Lead shot is common on small boats with encapsulated keels.. saves a lot on making castings. Not good to actually see it however!


----------



## Sailormon6 (May 9, 2002)

We can only speculate why it's in there, but my first guess would be that the previous owner wanted to add ballast to give him a little advantage in club racing. I agree with you that you should take it out. It's not race legal, it can cause problems, and it's a hazard, especially if any children are on board.


----------



## TSOJOURNER (Dec 16, 1999)

*Did you learn anything?*

Hi there!

I've committed to buying a 1986 Starwind 19 and came across your posting.

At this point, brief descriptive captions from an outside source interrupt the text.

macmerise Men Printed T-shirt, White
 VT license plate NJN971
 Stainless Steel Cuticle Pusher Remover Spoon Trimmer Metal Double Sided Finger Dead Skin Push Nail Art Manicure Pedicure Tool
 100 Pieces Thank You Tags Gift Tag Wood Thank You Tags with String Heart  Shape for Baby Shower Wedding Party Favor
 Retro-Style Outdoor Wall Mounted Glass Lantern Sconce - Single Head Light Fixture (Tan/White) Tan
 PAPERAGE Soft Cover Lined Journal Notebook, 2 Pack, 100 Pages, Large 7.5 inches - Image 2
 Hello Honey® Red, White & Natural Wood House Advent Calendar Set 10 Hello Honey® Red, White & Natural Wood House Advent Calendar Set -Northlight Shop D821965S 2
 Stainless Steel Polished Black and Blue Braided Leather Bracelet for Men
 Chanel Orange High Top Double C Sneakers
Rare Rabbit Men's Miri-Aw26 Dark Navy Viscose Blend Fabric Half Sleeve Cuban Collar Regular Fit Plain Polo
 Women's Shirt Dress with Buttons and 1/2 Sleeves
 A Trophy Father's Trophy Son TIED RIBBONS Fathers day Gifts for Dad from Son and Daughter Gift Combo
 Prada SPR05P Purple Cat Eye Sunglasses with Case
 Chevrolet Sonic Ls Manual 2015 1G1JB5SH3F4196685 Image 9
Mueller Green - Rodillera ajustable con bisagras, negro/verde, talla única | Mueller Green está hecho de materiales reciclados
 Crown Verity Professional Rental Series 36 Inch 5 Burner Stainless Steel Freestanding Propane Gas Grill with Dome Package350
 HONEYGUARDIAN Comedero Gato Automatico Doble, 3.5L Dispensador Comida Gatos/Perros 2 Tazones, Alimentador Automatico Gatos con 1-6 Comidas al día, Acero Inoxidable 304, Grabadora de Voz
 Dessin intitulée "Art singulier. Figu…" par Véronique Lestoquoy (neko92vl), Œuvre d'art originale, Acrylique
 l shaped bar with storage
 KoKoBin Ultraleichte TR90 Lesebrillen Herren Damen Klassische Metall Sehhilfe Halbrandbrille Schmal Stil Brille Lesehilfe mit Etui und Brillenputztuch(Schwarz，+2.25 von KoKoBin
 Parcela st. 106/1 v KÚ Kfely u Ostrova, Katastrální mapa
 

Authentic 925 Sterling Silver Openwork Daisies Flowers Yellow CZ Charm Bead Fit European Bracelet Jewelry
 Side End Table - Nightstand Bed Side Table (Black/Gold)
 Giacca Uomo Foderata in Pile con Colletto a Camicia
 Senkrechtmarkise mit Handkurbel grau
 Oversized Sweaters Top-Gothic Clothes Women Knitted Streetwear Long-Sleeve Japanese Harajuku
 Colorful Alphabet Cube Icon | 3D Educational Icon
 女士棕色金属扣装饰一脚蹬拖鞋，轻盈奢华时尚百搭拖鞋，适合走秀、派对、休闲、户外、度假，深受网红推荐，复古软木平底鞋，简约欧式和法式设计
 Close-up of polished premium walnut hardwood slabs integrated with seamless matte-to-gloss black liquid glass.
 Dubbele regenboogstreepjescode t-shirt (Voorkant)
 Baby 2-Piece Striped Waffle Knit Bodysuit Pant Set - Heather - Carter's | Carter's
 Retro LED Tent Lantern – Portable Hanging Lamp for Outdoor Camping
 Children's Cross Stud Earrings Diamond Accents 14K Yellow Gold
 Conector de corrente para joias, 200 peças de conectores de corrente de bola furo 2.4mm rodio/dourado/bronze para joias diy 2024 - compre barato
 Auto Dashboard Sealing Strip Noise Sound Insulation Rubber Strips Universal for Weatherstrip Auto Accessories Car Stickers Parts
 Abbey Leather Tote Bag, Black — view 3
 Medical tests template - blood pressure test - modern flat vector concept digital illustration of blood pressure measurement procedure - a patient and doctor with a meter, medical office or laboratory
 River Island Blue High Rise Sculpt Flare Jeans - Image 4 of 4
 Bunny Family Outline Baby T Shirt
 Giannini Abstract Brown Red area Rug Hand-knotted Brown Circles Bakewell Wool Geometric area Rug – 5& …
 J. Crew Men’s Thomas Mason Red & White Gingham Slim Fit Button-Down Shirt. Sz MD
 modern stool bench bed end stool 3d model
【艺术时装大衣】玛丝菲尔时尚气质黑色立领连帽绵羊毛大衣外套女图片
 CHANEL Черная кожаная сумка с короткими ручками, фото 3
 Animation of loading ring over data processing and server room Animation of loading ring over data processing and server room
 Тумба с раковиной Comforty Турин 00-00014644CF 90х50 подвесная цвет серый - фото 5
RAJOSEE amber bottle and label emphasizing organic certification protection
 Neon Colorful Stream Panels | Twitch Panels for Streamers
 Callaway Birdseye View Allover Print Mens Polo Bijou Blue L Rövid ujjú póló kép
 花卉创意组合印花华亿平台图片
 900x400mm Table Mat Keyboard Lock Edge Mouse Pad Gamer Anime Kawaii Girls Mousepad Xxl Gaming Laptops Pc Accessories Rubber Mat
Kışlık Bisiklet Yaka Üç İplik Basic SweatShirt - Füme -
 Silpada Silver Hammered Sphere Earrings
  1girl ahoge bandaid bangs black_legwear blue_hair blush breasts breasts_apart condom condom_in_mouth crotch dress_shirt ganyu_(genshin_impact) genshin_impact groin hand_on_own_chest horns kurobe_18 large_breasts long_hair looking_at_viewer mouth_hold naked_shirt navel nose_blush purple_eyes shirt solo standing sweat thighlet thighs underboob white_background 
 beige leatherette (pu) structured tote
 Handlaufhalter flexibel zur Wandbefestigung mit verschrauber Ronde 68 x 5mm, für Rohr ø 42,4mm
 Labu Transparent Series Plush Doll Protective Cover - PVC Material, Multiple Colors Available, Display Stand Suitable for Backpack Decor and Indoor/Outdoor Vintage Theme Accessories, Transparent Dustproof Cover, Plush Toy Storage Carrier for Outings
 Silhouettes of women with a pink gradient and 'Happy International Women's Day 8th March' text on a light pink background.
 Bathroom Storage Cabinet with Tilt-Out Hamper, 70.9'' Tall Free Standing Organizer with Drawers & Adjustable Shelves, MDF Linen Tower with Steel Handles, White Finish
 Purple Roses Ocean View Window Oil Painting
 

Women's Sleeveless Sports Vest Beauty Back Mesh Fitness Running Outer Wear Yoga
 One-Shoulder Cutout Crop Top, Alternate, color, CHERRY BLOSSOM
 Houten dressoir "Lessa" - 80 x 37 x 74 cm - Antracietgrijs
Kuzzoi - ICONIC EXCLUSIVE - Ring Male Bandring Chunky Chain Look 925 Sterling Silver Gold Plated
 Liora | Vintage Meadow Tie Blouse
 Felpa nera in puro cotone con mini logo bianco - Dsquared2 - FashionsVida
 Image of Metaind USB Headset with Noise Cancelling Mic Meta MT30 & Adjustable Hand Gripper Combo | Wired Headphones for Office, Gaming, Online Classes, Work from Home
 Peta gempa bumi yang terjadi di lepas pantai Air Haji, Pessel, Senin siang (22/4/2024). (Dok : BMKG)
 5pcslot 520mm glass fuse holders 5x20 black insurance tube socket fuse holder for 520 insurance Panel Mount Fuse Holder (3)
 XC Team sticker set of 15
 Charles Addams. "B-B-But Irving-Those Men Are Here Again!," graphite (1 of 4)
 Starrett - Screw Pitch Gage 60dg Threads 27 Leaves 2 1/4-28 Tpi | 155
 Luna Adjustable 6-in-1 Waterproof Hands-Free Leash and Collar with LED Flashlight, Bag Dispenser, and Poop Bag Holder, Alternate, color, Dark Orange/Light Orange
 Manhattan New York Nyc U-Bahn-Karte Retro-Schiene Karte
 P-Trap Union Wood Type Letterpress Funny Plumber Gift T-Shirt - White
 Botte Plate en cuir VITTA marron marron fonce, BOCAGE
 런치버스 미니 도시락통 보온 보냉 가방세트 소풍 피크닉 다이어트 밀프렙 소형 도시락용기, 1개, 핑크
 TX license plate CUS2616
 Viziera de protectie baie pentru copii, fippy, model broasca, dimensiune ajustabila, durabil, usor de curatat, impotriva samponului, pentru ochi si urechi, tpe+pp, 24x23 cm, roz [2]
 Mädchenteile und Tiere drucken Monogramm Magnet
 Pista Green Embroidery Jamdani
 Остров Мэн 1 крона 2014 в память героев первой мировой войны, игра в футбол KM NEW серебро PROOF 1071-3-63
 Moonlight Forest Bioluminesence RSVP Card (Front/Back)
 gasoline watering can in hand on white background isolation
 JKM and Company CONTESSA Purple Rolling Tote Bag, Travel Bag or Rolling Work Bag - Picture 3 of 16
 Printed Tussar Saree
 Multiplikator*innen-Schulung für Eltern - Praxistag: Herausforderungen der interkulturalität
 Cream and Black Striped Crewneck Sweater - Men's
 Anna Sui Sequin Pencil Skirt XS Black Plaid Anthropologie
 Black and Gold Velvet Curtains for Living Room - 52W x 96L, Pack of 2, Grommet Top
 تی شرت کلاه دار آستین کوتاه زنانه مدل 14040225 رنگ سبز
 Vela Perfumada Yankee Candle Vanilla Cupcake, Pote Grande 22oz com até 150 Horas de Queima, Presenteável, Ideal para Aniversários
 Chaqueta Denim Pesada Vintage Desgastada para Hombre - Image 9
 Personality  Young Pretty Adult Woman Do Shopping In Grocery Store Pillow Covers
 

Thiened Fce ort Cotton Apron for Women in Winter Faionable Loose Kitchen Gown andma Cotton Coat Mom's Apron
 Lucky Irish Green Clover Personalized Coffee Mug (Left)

Did you ever figure out what was up with the lead shot in the bilge? It looks like a great boat but I want to know if there are any skeletons in the closet (or bilge) that I should know about.

Thank you!!!!

Melanie


----------



## snider (Jun 26, 2006)

*Great Boat!!*

I just sold the 19 and bought a Starwind 223. The 19 is a great boat!! I sailed her engineless for almost a year in Charleston harbor and offshore outside the jetties. The boat will sail in almost anything with just working sails, get a nylon sail and if its blowing you're sailing. Did a lot of overnight trips, perfect for that. Not to bad to step the mast and load from a landing either. Very happpy with that boat and would recommend one in a heartbeat. I sailed it out of Shalot inlet in NC once, conditions were a lot rougher than I thought, the boat handled it a lot better than me. Send me a message if you have any questions. Brandon


----------



## TSOJOURNER (Dec 16, 1999)

Hi there!

Thanks for the info a few weeks back. We have since bought the boat, launched her once, discovered some leaks where the caulking was coming off around the cockpit drains, and are now repainting her and working on projects.

This may be a stupid question, but I have been trying to figure out where the centerboard pin is...I can't seem to locate it, and I want to be able to check it out and at least make sure it's in one piece.

Any tips are appreciated! I am new to trailer-sailing, so have a lot to learn!

Cheers,
Melanie


----------



## jkimberly (Jun 18, 2008)

I had a Starwind 19 for 5 years, sailing it in all kinds of weather on Long Island sound. Great boat, always took more than I was able to!

There are molded lead blocks positioned around the top of the keel visable through the access port in the sole. This access port is a round 6" port located in the area under the V-berth drop in and allows you to visually check the bilge. The PO most likely decided to 'up' the amount of balast and used lead shot, simply pouring it into this area - bad! It'll shift and stays wet.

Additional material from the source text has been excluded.